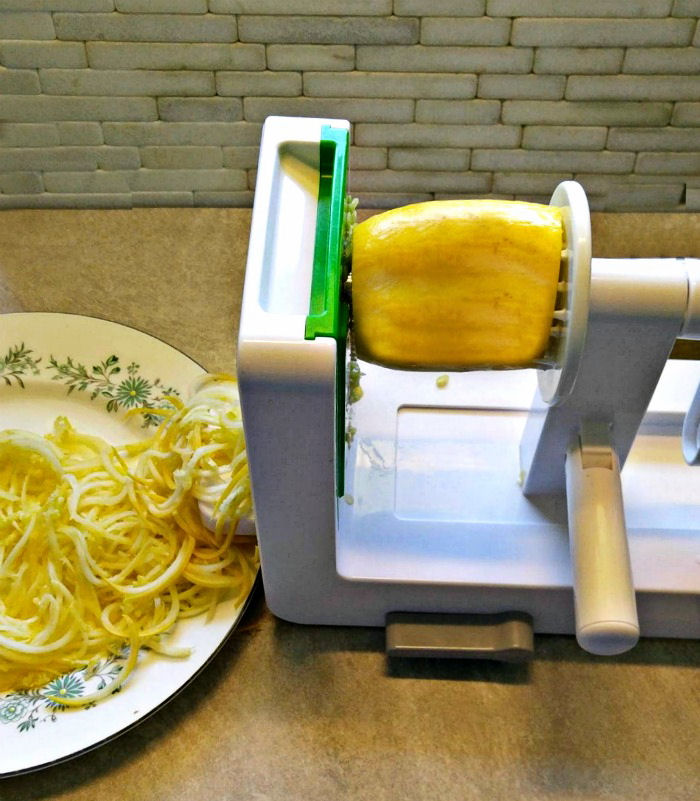 Spiralizing yellow zucchini into noodles
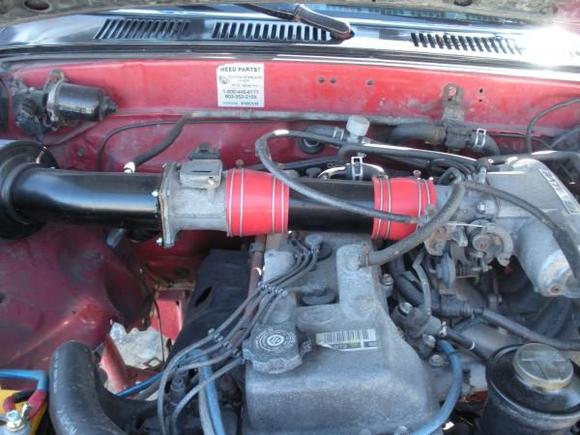 pic of the intake pipe i welded up.  the 3rze does not take up a lot of space in the engine bay.  look at all the room for the turbo charger.....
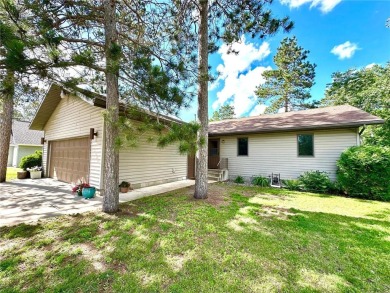 This impressive 3-bedroom, 2-bathroom home proudly overlooks the on Headwaters Country Club in Minnesota - for sale on GolfHomes.com, golf home, golf lot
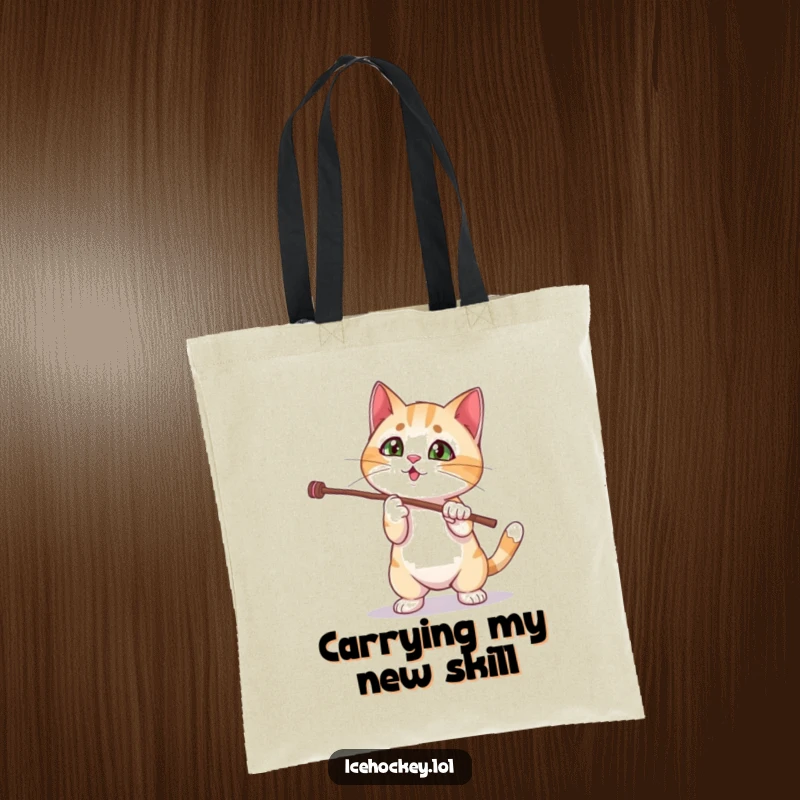 Funny tote bag featuring a curious cat struggling comically with a magic stick trick, showcasing a moment of feline bewilderment.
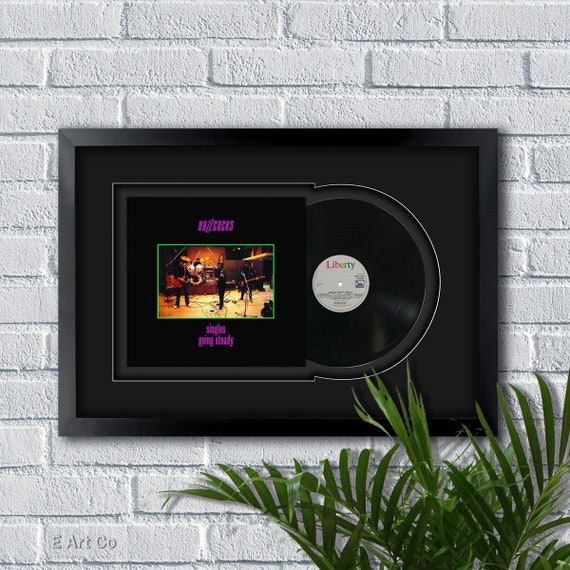 Buzzcocks, Singles Going Steady, Vinyl LP Record Framed and Buzzcocks, Singles Going Steady, Vinyl LP Record Framed and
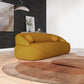 Modern Curved Boucle Sofa 84” (3 Colors) – Andrew Minimalist Sculptural Couch in a vibrant yellow hue.
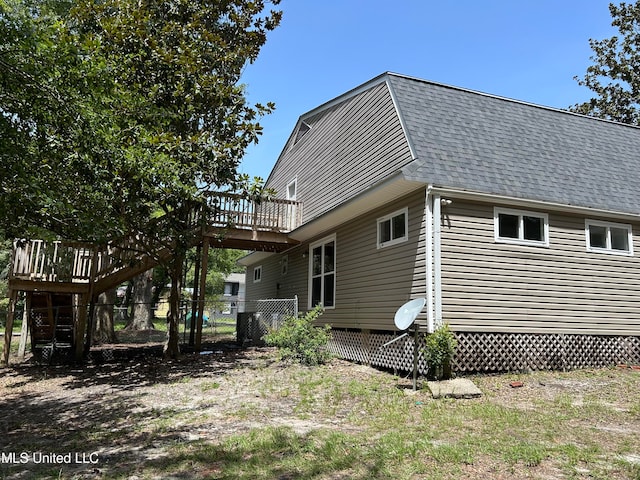 rear view of property featuring a wooden deck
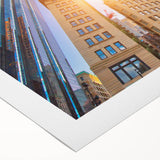 Art deco poster of Boston skyline in muted blue tones on rolled canvas, suitable for dining room wall art.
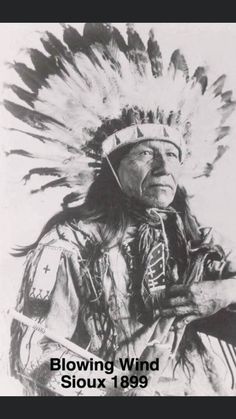 an old black and white photo of a native american man with feathers on his head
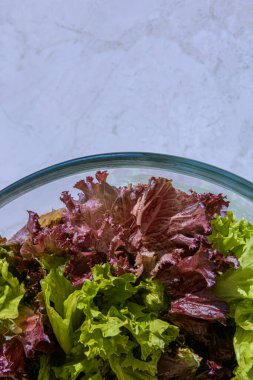 Büyük cam kase dolusu taze yeşil ve kırmızı marul yaprağı. Kase masa yüzeyinde. Seçici odaklanma. Sağlıklı beslenme ve beslenme konsepti. Büyük kopya alanı olan dikey arkaplan.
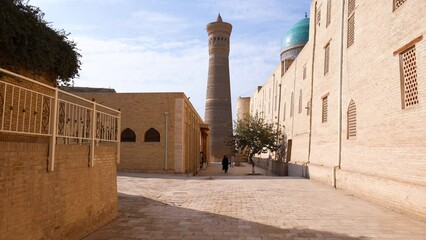 Wall Mural - Autumn, 2022 - Bukhara, Uzbekistan - General plan. Old city of the ancient city. Tourist center of Bukhara. The camera moves to the ancient minaret in the Muslim religious center.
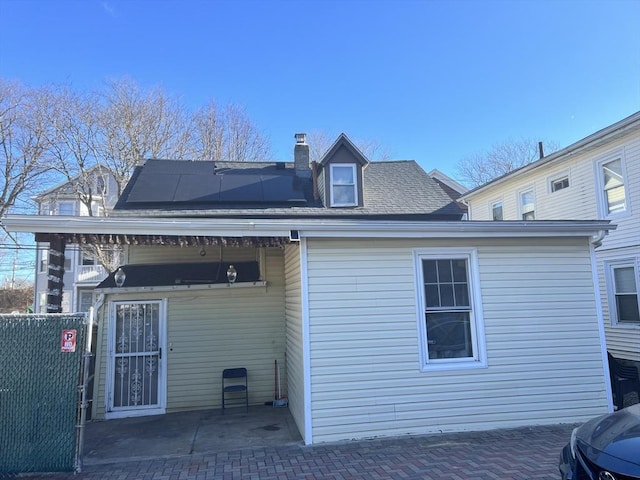 back of house featuring a chimney and solar panels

----

How to complete this task:
Line by line, restate the data above exactly as it stands, minus the pictures.

Exercise output:
 Spiralizing yellow zucchini into noodles
 pic of the intake pipe i welded up.  the 3rze does not take up a lot of space in the engine bay.  look at all the room for the turbo charger.....
 This impressive 3-bedroom, 2-bathroom home proudly overlooks the on Headwaters Country Club in Minnesota - for sale on GolfHomes.com, golf home, golf lot
 Funny tote bag featuring a curious cat struggling comically with a magic stick trick, showcasing a moment of feline bewilderment.
 Buzzcocks, Singles Going Steady, Vinyl LP Record Framed and Buzzcocks, Singles Going Steady, Vinyl LP Record Framed and
 Modern Curved Boucle Sofa 84” (3 Colors) – Andrew Minimalist Sculptural Couch in a vibrant yellow hue.
 rear view of property featuring a wooden deck
 Art deco poster of Boston skyline in muted blue tones on rolled canvas, suitable for dining room wall art.
 an old black and white photo of a native american man with feathers on his head
 Büyük cam kase dolusu taze yeşil ve kırmızı marul yaprağı. Kase masa yüzeyinde. Seçici odaklanma. Sağlıklı beslenme ve beslenme konsepti. Büyük kopya alanı olan dikey arkaplan.
 Wall Mural - Autumn, 2022 - Bukhara, Uzbekistan - General plan. Old city of the ancient city. Tourist center of Bukhara. The camera moves to the ancient minaret in the Muslim religious center.
 back of house featuring a chimney and solar panels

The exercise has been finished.